What the task asks = Your task is to repeat the entries exactly from their first line through the line with "Rollover Gourmet Crunchy", and to stop there.

Extracted entries =
____

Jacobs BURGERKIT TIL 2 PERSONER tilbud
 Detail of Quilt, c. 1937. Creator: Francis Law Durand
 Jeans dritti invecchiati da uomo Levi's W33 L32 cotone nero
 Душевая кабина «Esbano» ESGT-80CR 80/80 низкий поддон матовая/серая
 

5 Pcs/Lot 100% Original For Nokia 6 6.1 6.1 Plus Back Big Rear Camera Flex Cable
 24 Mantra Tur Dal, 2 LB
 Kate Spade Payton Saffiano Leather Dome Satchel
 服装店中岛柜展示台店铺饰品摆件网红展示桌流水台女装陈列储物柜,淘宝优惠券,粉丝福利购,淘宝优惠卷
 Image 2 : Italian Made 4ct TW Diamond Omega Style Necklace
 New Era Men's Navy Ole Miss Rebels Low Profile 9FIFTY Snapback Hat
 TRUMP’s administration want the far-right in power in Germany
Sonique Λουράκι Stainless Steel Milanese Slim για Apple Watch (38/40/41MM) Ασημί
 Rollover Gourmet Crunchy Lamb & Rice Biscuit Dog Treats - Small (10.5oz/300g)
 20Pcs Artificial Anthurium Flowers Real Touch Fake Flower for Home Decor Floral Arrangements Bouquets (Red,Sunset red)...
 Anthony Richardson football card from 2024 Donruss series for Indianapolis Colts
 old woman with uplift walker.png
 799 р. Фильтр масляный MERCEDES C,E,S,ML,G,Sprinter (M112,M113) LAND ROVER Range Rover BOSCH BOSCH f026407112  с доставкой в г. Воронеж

____

Exercise answer =
Jacobs BURGERKIT TIL 2 PERSONER tilbud
 Detail of Quilt, c. 1937. Creator: Francis Law Durand
 Jeans dritti invecchiati da uomo Levi's W33 L32 cotone nero
 Душевая кабина «Esbano» ESGT-80CR 80/80 низкий поддон матовая/серая
 

5 Pcs/Lot 100% Original For Nokia 6 6.1 6.1 Plus Back Big Rear Camera Flex Cable
 24 Mantra Tur Dal, 2 LB
 Kate Spade Payton Saffiano Leather Dome Satchel
 服装店中岛柜展示台店铺饰品摆件网红展示桌流水台女装陈列储物柜,淘宝优惠券,粉丝福利购,淘宝优惠卷
 Image 2 : Italian Made 4ct TW Diamond Omega Style Necklace
 New Era Men's Navy Ole Miss Rebels Low Profile 9FIFTY Snapback Hat
 TRUMP’s administration want the far-right in power in Germany
Sonique Λουράκι Stainless Steel Milanese Slim για Apple Watch (38/40/41MM) Ασημί
 Rollover Gourmet Crunchy Lamb & Rice Biscuit Dog Treats - Small (10.5oz/300g)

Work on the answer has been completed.